## YOUR INSTRUCTIONS
Reproduce the records below exactly as they appear, omitting any pictures they contain.

......

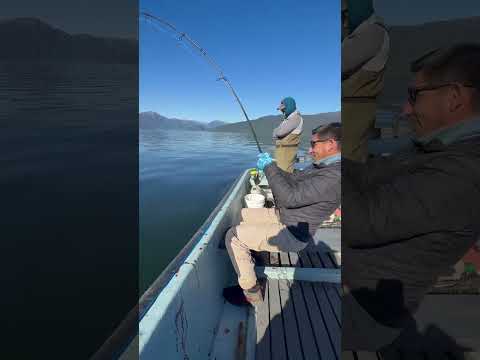 atun lancero puerto cisnes, region de aysen chile #viniloman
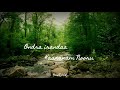 Nadhiye Nadhiye Kadhal Nadhiye A R Rahman WhatsApp Status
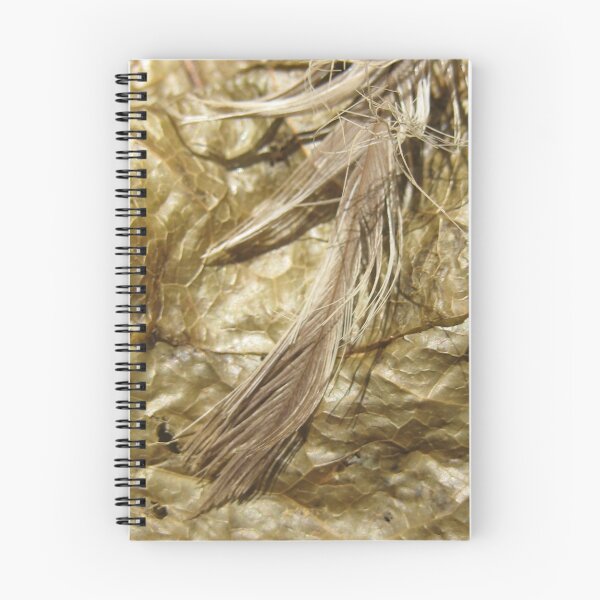 Item preview, feather and leaf in summer woods designed and sold by Laurkat.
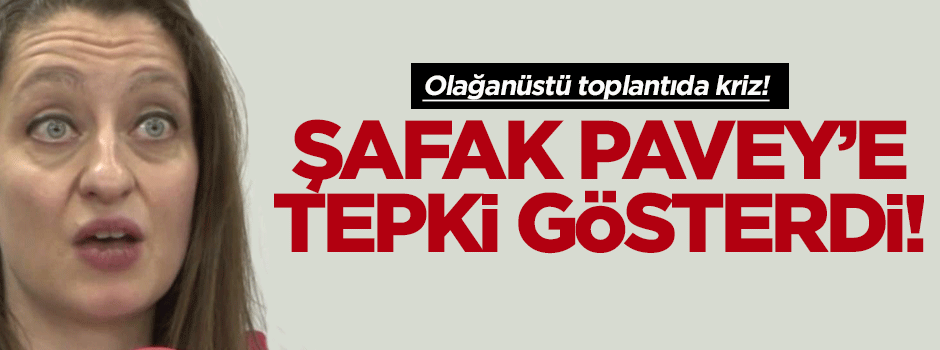 Bülent Arınç, Şafak Pavey'e tepki gösterdi!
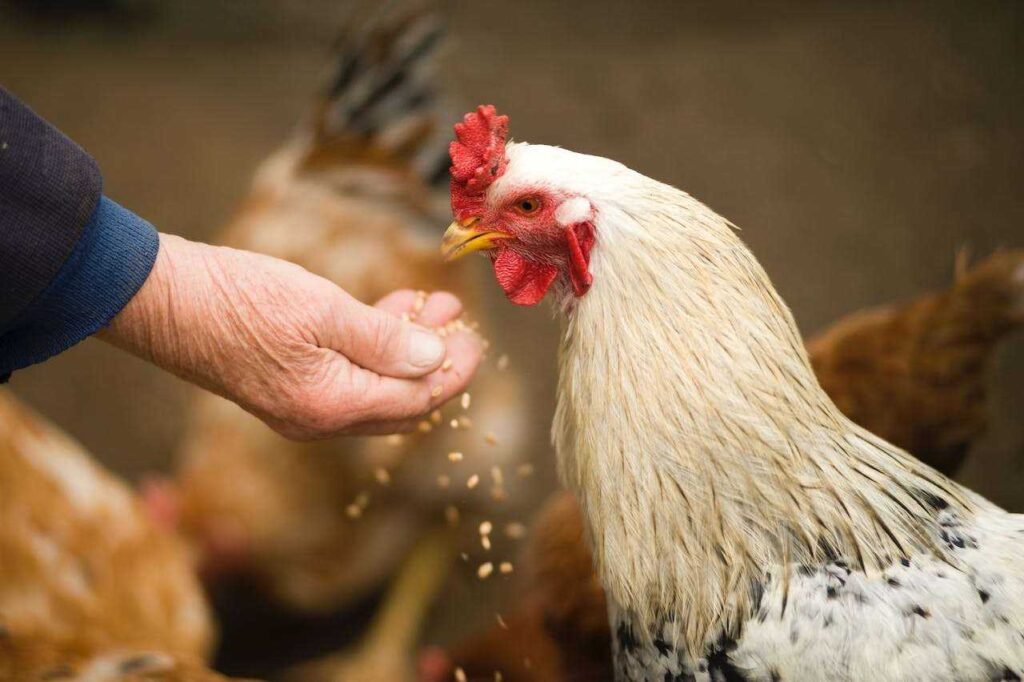 How to Feed Chickens for Maximum Egg Production: Complete 2026 Guide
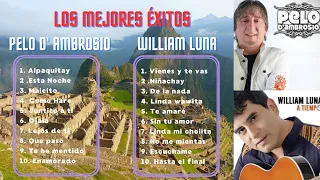 PELO D' AMBROSIO Y WILLIAM LUNA MIX 💽, Los Mejores Éxitos 🎙️🔊🎶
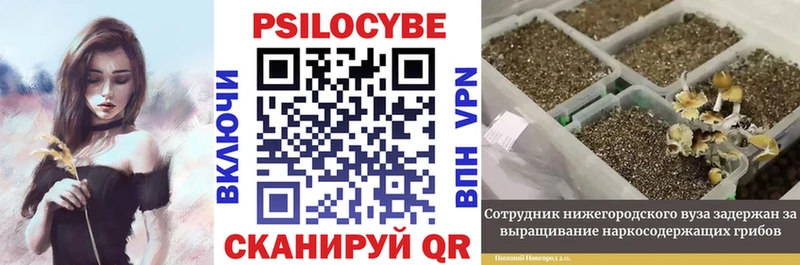 Галлюциногенные грибы мицелий  Красноперекопск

......

## ANSWER FOR THIS EXERCISE
 atun lancero puerto cisnes, region de aysen chile #viniloman
 Nadhiye Nadhiye Kadhal Nadhiye A R Rahman WhatsApp Status
 Item preview, feather and leaf in summer woods designed and sold by Laurkat.
 Bülent Arınç, Şafak Pavey'e tepki gösterdi!
 How to Feed Chickens for Maximum Egg Production: Complete 2026 Guide
 PELO D' AMBROSIO Y WILLIAM LUNA MIX 💽, Los Mejores Éxitos 🎙️🔊🎶
 Галлюциногенные грибы мицелий  Красноперекопск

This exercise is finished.